Learning How To Grow, Spin & Share Flax Through Community Textile Practice


As a contemporary community textile artist based in Derbyshire, I was recently awarded an Arts Council England National Lottery Project Grant to support a new period of research and development exploring flax growing, hand spinning and weaving through a project titled Irregular Thread. Rooted in participation, sustainability and collective acts of making, the project is gradually exploring whether contemporary textile practice can also help nurture much needed civic pride and connection within post industrial communities.


At the centre of this research and development is a simple but increasingly important question:

Can slower, lower impact and more accessible textile processes still hold value within communities today?

This project is not only about learning to spin or weave, but also about researching materials, tools, and ways of making that might later support workshops, public activities, and wider participation within Amber Valley and beyond. At the heart of the project is a desire to bring the flax growing I have been developing within local front gardens full circle into woven outcomes, reconnecting people not only to material and process, but also to place, heritage and one another through collective acts of growing, making and learning together.


Alongside this practical development, I committed to documenting the process openly on my blog and social media, allowing the work to evolve in public rather than behind closed doors. As my studio is often my front garden, I am already used to being visible whilst I experiment, learn and develop ideas in public view. In recent months, the project has gradually moved from quiet experimentation into public conversation through flax growing, spinning research, live demonstrations and shared making activities.


As the work develops, it is also being shaped by broader questions about connection, civic pride and collective identity within post-industrial communities. Documenting the process while still learning feels important to the project's direction, allowing space for conversation, uncertainty, and exchange rather than presenting myself as an expert with fixed answers. Through revisiting overlooked textile histories and shared acts of making, I have become increasingly interested in whether gentle, accessible, and participatory creative activity might help rebuild forms of connection that feel urgently needed at a time when many people feel increasingly disconnected from one another and the places they live in. Working within an area where economic challenges and historically lower engagement with arts and culture remain visible has also reinforced for me how important it is to develop thoughtful, carefully researched and genuinely accessible forms of creative engagement that feel relevant, welcoming and meaningful within the communities they are intended to serve.


From the beginning, my manifesto has underpinned the decisions I am making throughout this process. It commits me to working with kindness, carbon sensitivity, locality, adaptability and active listening while minimising waste and unnecessary consumption through low-impact approaches.


Rather than separating environmental thinking from creativity, I am trying to understand how the two can work together through material choices, process and participation.

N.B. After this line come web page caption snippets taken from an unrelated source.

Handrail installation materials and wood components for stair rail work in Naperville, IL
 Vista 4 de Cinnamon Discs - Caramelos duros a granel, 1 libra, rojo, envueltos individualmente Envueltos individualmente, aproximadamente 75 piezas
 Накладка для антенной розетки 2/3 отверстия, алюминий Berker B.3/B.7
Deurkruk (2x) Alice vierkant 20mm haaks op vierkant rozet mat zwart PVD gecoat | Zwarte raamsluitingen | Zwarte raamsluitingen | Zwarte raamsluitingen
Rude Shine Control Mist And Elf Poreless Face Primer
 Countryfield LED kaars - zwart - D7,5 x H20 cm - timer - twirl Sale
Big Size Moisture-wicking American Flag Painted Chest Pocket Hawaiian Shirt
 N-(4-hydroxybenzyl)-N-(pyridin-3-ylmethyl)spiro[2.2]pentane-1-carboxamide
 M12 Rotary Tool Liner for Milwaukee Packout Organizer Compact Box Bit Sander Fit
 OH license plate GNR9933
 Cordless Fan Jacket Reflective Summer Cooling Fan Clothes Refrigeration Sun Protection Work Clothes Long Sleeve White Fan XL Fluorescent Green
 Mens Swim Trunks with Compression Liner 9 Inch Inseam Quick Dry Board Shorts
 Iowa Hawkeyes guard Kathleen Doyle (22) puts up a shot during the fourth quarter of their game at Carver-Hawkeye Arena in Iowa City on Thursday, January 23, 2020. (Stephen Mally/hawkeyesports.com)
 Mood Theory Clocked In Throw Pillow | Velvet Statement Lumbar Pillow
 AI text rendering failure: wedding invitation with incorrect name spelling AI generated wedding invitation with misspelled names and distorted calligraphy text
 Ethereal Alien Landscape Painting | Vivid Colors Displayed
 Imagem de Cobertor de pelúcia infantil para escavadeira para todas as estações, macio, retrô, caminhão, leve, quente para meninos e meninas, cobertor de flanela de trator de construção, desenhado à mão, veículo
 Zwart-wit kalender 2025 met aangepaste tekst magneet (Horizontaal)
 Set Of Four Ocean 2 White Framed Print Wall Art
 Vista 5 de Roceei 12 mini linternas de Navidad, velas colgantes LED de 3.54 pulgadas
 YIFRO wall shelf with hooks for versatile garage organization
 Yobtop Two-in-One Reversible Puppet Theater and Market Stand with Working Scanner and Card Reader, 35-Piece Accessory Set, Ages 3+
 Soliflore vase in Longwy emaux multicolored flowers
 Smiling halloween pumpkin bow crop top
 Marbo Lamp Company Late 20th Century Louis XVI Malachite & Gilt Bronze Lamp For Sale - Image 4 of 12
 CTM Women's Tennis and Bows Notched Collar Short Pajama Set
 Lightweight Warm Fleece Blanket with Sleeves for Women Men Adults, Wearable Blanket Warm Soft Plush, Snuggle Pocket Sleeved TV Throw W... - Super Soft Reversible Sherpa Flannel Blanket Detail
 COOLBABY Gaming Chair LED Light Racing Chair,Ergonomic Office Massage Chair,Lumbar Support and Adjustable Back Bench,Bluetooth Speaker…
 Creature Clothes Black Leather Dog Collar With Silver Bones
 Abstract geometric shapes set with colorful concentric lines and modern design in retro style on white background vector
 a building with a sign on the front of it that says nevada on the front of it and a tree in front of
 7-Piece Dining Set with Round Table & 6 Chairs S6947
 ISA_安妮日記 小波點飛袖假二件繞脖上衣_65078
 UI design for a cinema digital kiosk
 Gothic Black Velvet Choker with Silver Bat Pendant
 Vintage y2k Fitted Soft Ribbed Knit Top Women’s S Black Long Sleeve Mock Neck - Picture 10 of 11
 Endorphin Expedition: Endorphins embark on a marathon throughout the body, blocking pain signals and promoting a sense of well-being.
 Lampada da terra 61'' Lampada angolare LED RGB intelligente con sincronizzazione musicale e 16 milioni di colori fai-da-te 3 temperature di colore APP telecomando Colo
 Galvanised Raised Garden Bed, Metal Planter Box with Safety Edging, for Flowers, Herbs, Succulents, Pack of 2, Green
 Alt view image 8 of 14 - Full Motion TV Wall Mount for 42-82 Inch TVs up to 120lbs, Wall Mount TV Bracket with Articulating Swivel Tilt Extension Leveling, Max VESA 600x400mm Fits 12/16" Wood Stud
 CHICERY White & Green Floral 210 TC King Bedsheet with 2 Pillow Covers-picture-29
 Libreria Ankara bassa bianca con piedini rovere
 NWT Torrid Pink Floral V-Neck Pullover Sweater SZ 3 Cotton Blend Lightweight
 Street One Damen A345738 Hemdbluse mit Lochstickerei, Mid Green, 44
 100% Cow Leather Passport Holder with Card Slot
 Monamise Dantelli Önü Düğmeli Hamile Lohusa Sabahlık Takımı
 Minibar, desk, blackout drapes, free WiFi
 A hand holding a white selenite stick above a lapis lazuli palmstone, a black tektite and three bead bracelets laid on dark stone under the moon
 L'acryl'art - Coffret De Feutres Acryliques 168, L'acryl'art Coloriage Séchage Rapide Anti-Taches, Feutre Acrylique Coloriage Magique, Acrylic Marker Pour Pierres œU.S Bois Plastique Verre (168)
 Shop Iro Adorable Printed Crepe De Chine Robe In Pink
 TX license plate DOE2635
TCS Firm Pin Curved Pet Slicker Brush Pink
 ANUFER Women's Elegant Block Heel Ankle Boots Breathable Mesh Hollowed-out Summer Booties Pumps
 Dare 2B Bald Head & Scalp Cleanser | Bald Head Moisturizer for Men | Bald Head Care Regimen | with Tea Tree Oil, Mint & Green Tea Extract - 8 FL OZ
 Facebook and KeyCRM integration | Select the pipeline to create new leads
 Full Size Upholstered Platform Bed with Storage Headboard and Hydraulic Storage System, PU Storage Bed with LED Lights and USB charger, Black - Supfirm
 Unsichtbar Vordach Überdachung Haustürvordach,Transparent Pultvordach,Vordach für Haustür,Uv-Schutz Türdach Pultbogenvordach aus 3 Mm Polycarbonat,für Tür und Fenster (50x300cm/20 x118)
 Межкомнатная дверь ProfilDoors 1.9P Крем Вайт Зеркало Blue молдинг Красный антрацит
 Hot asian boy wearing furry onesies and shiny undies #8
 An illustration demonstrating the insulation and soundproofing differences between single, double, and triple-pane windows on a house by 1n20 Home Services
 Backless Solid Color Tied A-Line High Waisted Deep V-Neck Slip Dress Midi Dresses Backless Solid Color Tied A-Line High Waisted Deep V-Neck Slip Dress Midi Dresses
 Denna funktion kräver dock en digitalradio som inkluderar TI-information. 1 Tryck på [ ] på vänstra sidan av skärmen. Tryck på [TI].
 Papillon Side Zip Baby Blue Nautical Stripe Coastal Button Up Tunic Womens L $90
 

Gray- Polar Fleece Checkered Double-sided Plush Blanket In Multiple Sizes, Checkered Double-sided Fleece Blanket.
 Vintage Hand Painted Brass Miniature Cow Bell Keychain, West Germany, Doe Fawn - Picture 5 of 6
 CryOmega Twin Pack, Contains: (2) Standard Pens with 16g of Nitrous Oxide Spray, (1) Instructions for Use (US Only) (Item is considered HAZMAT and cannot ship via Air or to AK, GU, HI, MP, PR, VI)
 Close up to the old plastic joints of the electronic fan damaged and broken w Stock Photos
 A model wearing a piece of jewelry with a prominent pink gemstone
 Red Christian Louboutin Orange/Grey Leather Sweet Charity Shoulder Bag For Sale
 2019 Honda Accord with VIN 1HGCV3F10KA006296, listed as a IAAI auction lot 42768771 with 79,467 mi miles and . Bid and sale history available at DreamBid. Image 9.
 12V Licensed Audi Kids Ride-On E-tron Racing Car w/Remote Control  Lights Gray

Growing Flax In My Front Garden In Derbyshire

Flax growing in the front garden studio of Derbyshire textile artist Amanda Haran in Riddings
Flax Growing In My Front Garden In Riddings, Where The Project First Began To Take Root Within Everyday Community Space

Much of this research begins in the front garden of my home in Riddings, where I am now growing flax for a third consecutive year. What began as a small personal experiment inspired by walking around the former colliery site at Waingroves and discovering its forgotten rope walk has gradually become central to my contemporary textile practice, with the front garden increasingly operating as both growing space and public facing studio. Because the work takes place in full view of the street, the flax has slowly become familiar within the neighbourhood itself, often leading to conversations with neighbours and passers by curious about the delicate blue flowers appearing amongst an otherwise ordinary front garden setting.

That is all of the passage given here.